Visitei a exposição “Picasso e a Modernidade Espanhola”,
no CCBB-Rio, logo nos primeiros dias. Nas exposições, passeio pelas salas e corredores
esperando ser capturada. E algumas das obras que mais me tocaram naquela mostra
não eram do famoso pintor andaluz.
Uma delas foi a tela “Náufragos”, do também espanhol
Aurelio Arteta (1879-1940), pintada no começo dos anos 1930.
Um crítico de arte faria comentários e observações
muito mais pertinentes do que os meus.

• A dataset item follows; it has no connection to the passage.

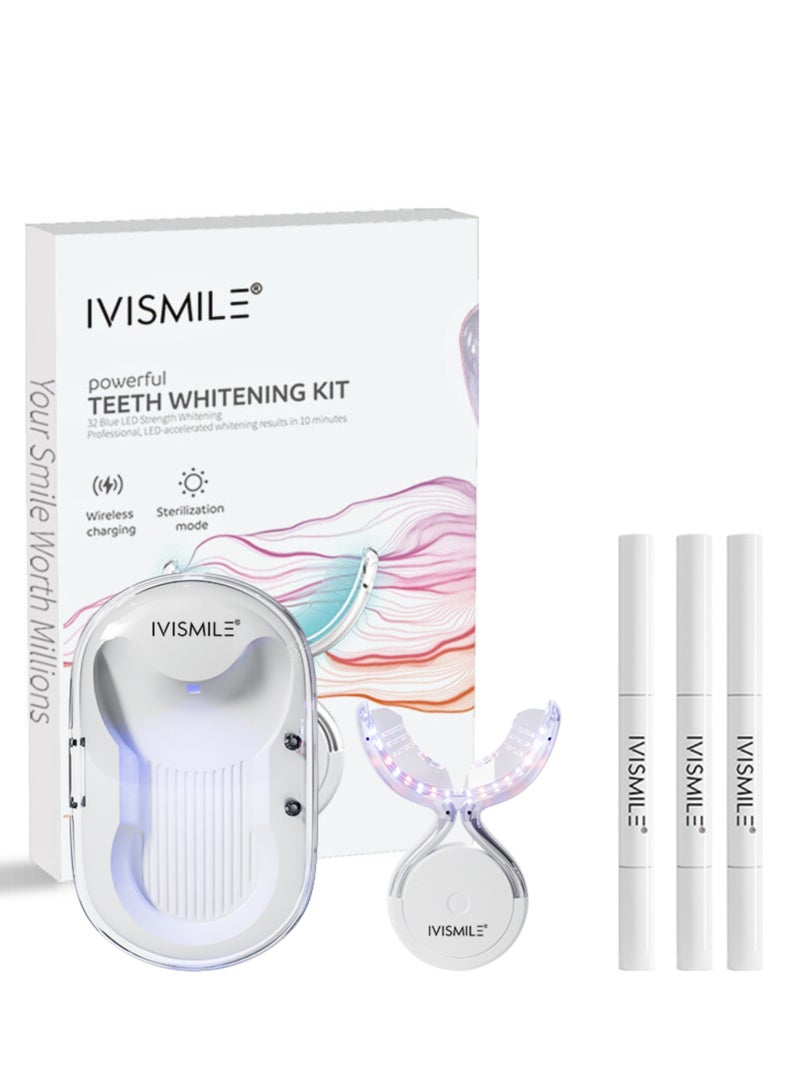 IVISMILE Professional Teeth Whitening Kit IVI-01 – 32 LED Light, Blue & Red Dual Rays, CE Approved, Luxury LED Teeth Whitening System with Booster Gel, Smart Timer, IPX6 Waterproof, Home & Travel Use - Image 1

Poderia discorrer sobre detalhes que me
escapam, sobre escolas de arte, referências, influências, datas e nomes, luzes
e sombras.
Mas meus olhos amadores e descompromissados também
enxergam além da tinta, do suporte, da moldura. O frio, o medo, o abandono, está
tudo ali, nas cores pálidas, nas formas angulosas. Os pés do homem à frente se
prendem à terra, firme e, talvez, salvadora. Mas também se encrespam, como se
não soubessem para onde ir, onde buscar refúgio. Uma cena que me comoveu
profundamente, mais do que eu poderia supor.

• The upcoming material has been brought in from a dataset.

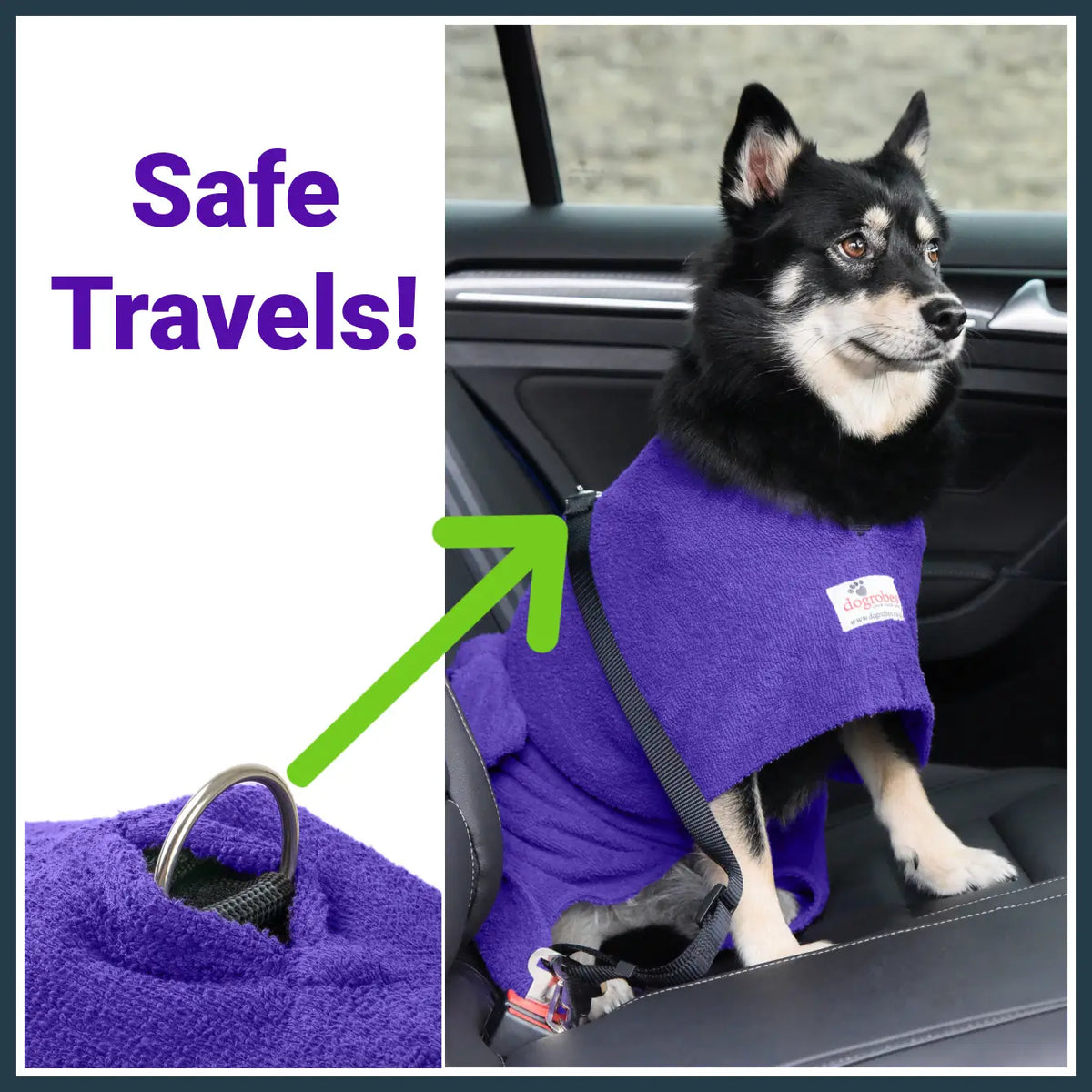 Dog secured in a car wearing a purple Dogrobe with Harness Access Opening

A imagem que marcou nossa semana neste começo de
setembro – imagem tão insuportável que, ao vê-la pela primeira vez, duvidei que
fosse algo real – me trouxe à lembrança aquela obra. Não faço ideia do que levou Arteta a pintar
esses homens, perdidos em algum lugar, 80 anos atrás.
Os deslocamentos migratórios acompanham os homens
desde seu aparecimento, como tal, neste planeta. Forçados por condições
climáticas, guerras, disputas, ameaças de predadores, ou em busca de algo novo,
de natureza material ou não. Hoje, a mídia nos diz que desde a 2ª Guerra não
havia um fluxo tão intenso como agora. São milhares de pessoas buscando uma
terra onde firmar os pés, pousar a cabeça, plantar seus sonhos.

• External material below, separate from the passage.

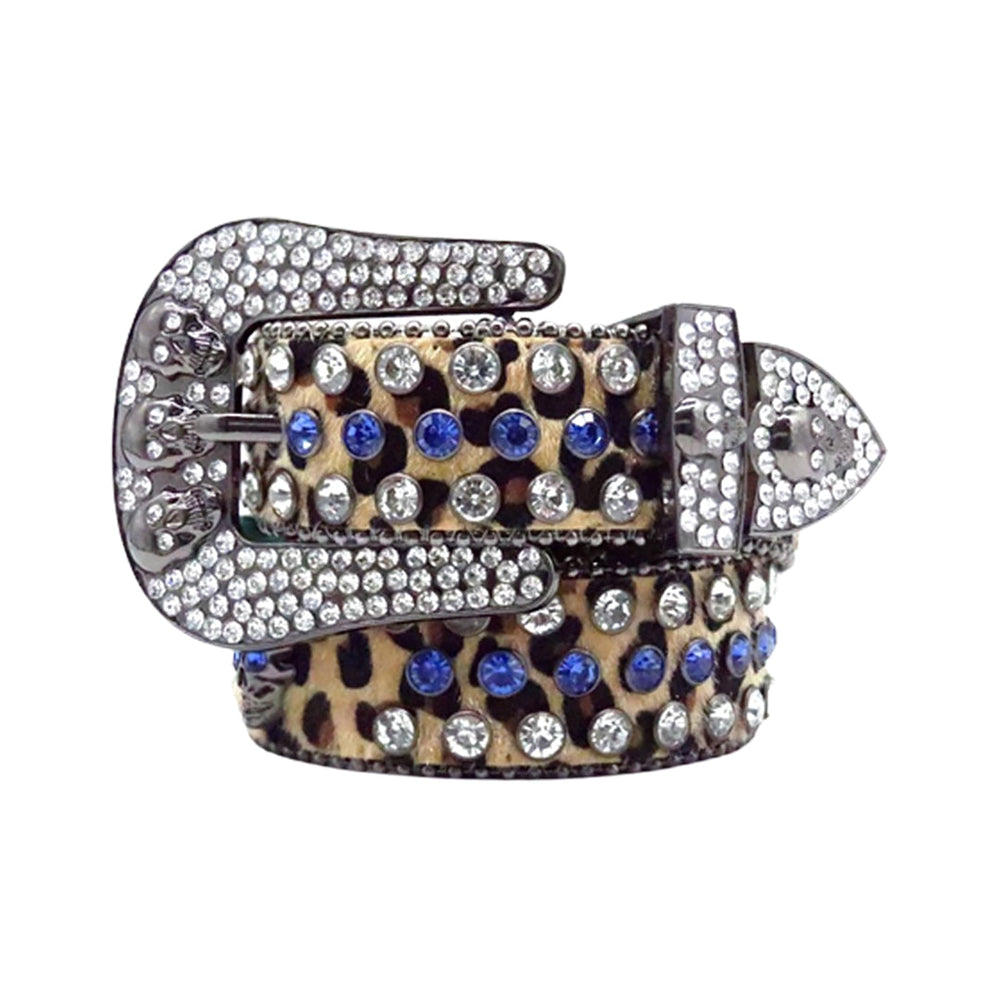 Leopard Print Strap Skull Buckle With Faceted Crystal & Blue Rhinestone Belt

Não se deve julgar a História, já disse alguém,
sabiamente. Há tantos tons entre o preto e o branco, entre as verdades, razões
e versões de cada um... e cada tempo histórico tem suas particularidades. Mas
não julgar não significa ignorar.
O corpo do pequeno Aylan não é o único a chegar às
praias do Mediterrâneo, nessa odisséia insana que testemunhamos virtualmente. Mas
encarna aquele momento onde se atinge o limite do suportável, o inadmissível, o
que nos faz pensar que a experiência da espécie humana sobre a Terra fracassou.
O homem que carrega o menino tem o corpo curvado, como se levasse nos braços um
peso imenso, muito maior do que os poucos quilos de uma criança, quase bebê. Que
sentimentos terão atravessado aquele homem? Dor, pena, indiferença? Não sei e
não tento adivinhar. Ele também me comove.
O frio, o medo, o abandono. A camisa vermelha da
criança síria parece gritar que, ou mudamos de rumo, ou seremos todos
náufragos, num mar de cegueira, insensatez, falta de compaixão.Fico pensando o que e como pintaria o artista
espanhol, hoje, sob o título de “Náufragos”.